Now, listen. Go back to your apartment and snuff out this demon.
Tomie playing mind games with Tetsuo — Assassins
Assassins is a story that starts off at full speed and really doesn’t slow down too much. A man named Tetsuo stumbles upon the violent attack against a young woman who we as the reader know as Tomie. The rescuer gets her back to his apartment and tries to nurse her back to health. However, it is in vain as she dies in front of him, but not before she makes a final wish. Tetsuo carries out her wish, which is to have her buried out of the way in some secluded place. But as he’s about to leave the buried corpse, a very strange thing happens.
He hears a voice from beneath the ground he had just dug. After re-uncovering the body he finds a second head, identical to the body’s regular head, growing from the chest area. This new head is the only part of the body left alive and demands itself to be cut out. He does so and takes the living head back to his apartment in secret. As the head slowly regenerates, it makes demands on Tetsuo for fine foods and expensive jewellery. It seems that this head is closer in nature to the Tomie that we know and love than the one attacked at the beginning of the story.
As the story moves forward we find that more would-be assassins lurk around the corner. But which version of Tomie will live on to tell her story? Will Tetsuo live out this crazy situation? Whatever ends up happening, I’m willing to bet that he regrets helping that initial Tomie from certain doom in those opening pages.
It’s all too easy within horror manga for the humour to be completely overshadowed by the violence on the page. But what Junji Ito manages to do, perhaps most obviously in this chapter, is display such a great sense of humour within his stories. I think he would be the first to admit just how absurd the idea of a talking face on a pillow would be, but it’s no less effective for the story. He manages to let the audience know that he’s in on the joke too.
The idea of feeding a face on a pillow is so outrageous. Then her spitting it out to yell “Where’s your Caviar? Your Foie Gras?”. The idea that this girl is so in demand of fine things that she would still demand such fancy foods. And when she demands an expensive necklace and Tetsuo says the thing that we are all thinking – “You don’t even have a neck. What would you do with it, anyway?”.
I just love the humour to bits. It doesn’t make a mockery of the story; it simply pokes fun at itself just a little bit.
Normally, the people who become entangled in Tomie’s mind games do so in their places of work or home. She would enter their lives and basically drive them to madness. But in Assassins, it is those unfortunate to cross paths with her who end up suffering. Such as Tetsuo who only wanted to help a woman in need, or the young man we see later who discovered her in the mountain woodlands.

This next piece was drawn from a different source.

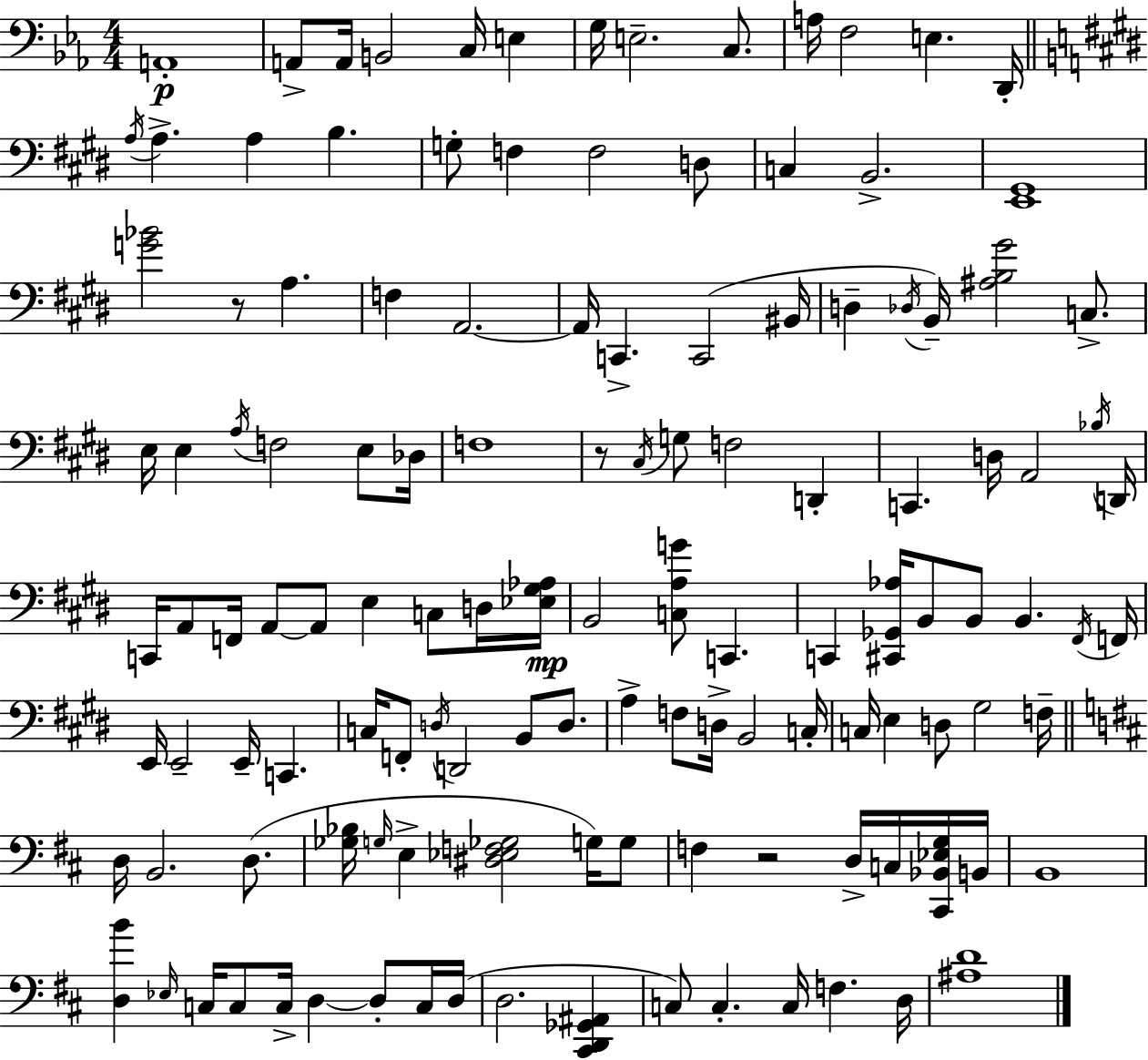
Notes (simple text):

A2/w A2/e A2/s B2/h C3/s E3/q G3/s E3/h. C3/e. A3/s F3/h E3/q. D2/s A3/s A3/q. A3/q B3/q. G3/e F3/q F3/h D3/e C3/q B2/h. [E2,G#2]/w [G4,Bb4]/h R/e A3/q. F3/q A2/h. A2/s C2/q. C2/h BIS2/s D3/q Db3/s B2/s [A#3,B3,G#4]/h C3/e. E3/s E3/q A3/s F3/h E3/e Db3/s F3/w R/e C#3/s G3/e F3/h D2/q C2/q. D3/s A2/h Bb3/s D2/s C2/s A2/e F2/s A2/e A2/e E3/q C3/e D3/s [Eb3,G#3,Ab3]/s B2/h [C3,A3,G4]/e C2/q. C2/q [C#2,Gb2,Ab3]/s B2/e B2/e B2/q. F#2/s F2/s E2/s E2/h E2/s C2/q. C3/s F2/e D3/s D2/h B2/e D3/e. A3/q F3/e D3/s B2/h C3/s C3/s E3/q D3/e G#3/h F3/s D3/s B2/h. D3/e. [Gb3,Bb3]/s G3/s E3/q [D#3,Eb3,F3,Gb3]/h G3/s G3/e F3/q R/h D3/s C3/s [C#2,Bb2,Eb3,G3]/s B2/s B2/w [D3,B4]/q Eb3/s C3/s C3/e C3/s D3/q D3/e C3/s D3/s D3/h. [C#2,D2,Gb2,A#2]/q C3/e C3/q. C3/s F3/q. D3/s [A#3,D4]/w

We are again subjected to Tomie’s complete disregard of other people’s thoughts, feelings or even lives. She is a user who will make her victims do absolutely anything to help her achieve her end goal. I think my original theory of her having a hive mind stands up here too. The original Tomie from the opening speaks of events that happened between Tetsuo and the head that was cut from her body. As though there were a psychic link between the two. But of course she uses this knowledge solely for Tetsuo’s manipulation.
It is chapters such as this one that make it hard to like Tomie. I mean, I always enjoy her for the character that she is; there have been moments in the past where I couldn’t help but like her a little bit. However, this chapter was not one of those moments for me.
I love Assassins for how breakneck the pace is. It never really lets up from that opening attack on Tomie to the closing actions of the hero-of-the-hour, Tetsuo.
This idea of each of the Tomie’s trying to kill each other off was first seen in the Basement chapter, but wasn’t really investigated after this. Even in the closing panels of Waterfall Basin, the numerous versions of her that arise, do so in unison, not against one another. So it was great to see this internal conflict between Tomie and her “siblings” – for want of a better term – explored further here.